The writing of New Testament introductions has proliferated over the past decade with scholars offering insights from various perspectives and emphases. Into this suddenly crowded mix, G. K. Beale (J. Gresham Machen Chair of New Testament at Westminster Theological Seminary) and Benjamin L. Gladd (associate professor of New Testament at Reformed Theological Seminary) have produced a distinctively biblical-theological introduction to the New Testament. In The Story Retold, Beale and Gladd point out that very few introductions have sufficiently integrated the Old Testament into their survey, with even fewer incorporating the storyline of the Old Testament. In view of this, the authors’ aim in this volume is to explore each New Testament book in light of the broad history of redemption, with a special emphasis on the New Testament use of the Old.
The book is divided into twenty-three chapters, with three introductory chapters followed by a book-by-book survey of the New Testament. Chapters 1 and 2 provide an essential foundation for the rest of the volume. In chapter 1, Beale and Gladd outline the grand story line of the Bible according to a creation, fall, redemption schema. In chapter 2, they introduce basic issues related to the New Testament use of the Old Testament, including relevant terminology (e.g. quotation, allusion, concept) and approaches to interpretation (e.g. fulfillment, typology, analogy). Following an introduction to the Gospels in chapter 3, Beale and Gladd survey each of the New Testament books in canonical order. For each book, the chapter opens with a brief section covering introductory matters (authorship, date, purpose, outline), followed by a section on biblical-theological themes. In this latter section, the authors focus on one or two prominent themes in a given book in relation to the history of redemption. Furthermore, throughout their survey Beale and Gladd give special attention to textual or conceptual links to the Old Testament by examining numerous Old Testament quotations and allusions.

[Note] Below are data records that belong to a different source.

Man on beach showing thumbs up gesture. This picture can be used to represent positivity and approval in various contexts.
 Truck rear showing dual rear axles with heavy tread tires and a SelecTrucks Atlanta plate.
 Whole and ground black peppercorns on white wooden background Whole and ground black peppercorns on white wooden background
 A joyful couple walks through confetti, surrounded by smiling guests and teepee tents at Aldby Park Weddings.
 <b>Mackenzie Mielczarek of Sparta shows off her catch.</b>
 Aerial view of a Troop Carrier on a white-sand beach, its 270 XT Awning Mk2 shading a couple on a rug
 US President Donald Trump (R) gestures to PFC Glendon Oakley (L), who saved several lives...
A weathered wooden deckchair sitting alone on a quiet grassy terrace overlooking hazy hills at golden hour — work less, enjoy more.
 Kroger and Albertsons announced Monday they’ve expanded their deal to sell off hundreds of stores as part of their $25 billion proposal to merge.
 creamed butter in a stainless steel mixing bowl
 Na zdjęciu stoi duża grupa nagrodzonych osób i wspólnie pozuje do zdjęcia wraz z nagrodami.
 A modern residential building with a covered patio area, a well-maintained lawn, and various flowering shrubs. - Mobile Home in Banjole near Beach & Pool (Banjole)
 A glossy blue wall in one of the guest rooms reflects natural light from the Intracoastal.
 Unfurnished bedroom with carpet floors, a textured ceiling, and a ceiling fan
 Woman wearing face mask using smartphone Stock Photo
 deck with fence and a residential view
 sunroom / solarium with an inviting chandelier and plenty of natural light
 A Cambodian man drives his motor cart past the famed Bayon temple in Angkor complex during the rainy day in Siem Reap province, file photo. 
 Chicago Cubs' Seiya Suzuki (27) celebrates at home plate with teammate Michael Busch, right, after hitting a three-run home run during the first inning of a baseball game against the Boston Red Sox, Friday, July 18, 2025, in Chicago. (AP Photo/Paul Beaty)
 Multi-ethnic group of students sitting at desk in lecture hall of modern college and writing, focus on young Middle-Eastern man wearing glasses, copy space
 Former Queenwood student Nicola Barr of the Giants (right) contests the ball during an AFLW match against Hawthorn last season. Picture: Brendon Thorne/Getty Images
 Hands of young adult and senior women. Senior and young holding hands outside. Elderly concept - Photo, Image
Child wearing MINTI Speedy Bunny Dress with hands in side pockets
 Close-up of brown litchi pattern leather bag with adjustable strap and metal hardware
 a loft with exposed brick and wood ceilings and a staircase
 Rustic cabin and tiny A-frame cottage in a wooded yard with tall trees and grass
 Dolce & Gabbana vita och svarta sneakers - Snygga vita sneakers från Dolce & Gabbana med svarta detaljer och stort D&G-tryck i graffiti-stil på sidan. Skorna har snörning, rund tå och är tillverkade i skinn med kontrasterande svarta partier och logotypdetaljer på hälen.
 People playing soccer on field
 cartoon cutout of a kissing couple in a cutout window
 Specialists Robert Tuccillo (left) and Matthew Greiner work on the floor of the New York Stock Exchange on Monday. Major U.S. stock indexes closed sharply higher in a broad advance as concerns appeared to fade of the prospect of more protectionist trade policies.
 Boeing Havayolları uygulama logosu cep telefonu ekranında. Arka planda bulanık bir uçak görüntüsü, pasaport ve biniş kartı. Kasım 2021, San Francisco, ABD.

Overall, The Story Retold is a wonderful introduction to both the literature and theology of the New Testament and the discipline of biblical theology. In this vein, it serves as a much more accessible version of Beale’s larger volume, A New Testament Biblical Theology: The Unfolding of the Old Testament in the New, and of Beale and D. A. Carson’s edited volume, Commentary on the New Testament Use of the Old Testament. The book is beautifully laid out with images and graphics embedded throughout each chapter. As a New Testament Introduction, the present volume serves as a valuable companion to other standard works (e.g., Carson and Moo or Köstenberger, Kellum, and Quarles). Additionally, while the authors’ biblical-theological approach is not unique (e.g. see Michael Kruger, ed., A Biblical-Theological Introduction to the New Testament: The Gospel Realized), the opening chapters on the storyline of the Bible and the New Testament use of the Old distinguish this volume from other similar introductions. Chapter 1 is particularly noteworthy as it highlights much of Beale’s scholarship on the significance of the temple motif in the storyline of Scripture. Altogether, The Story Retold will serve pastors and lay audiences (especially college-aged) exceptionally well.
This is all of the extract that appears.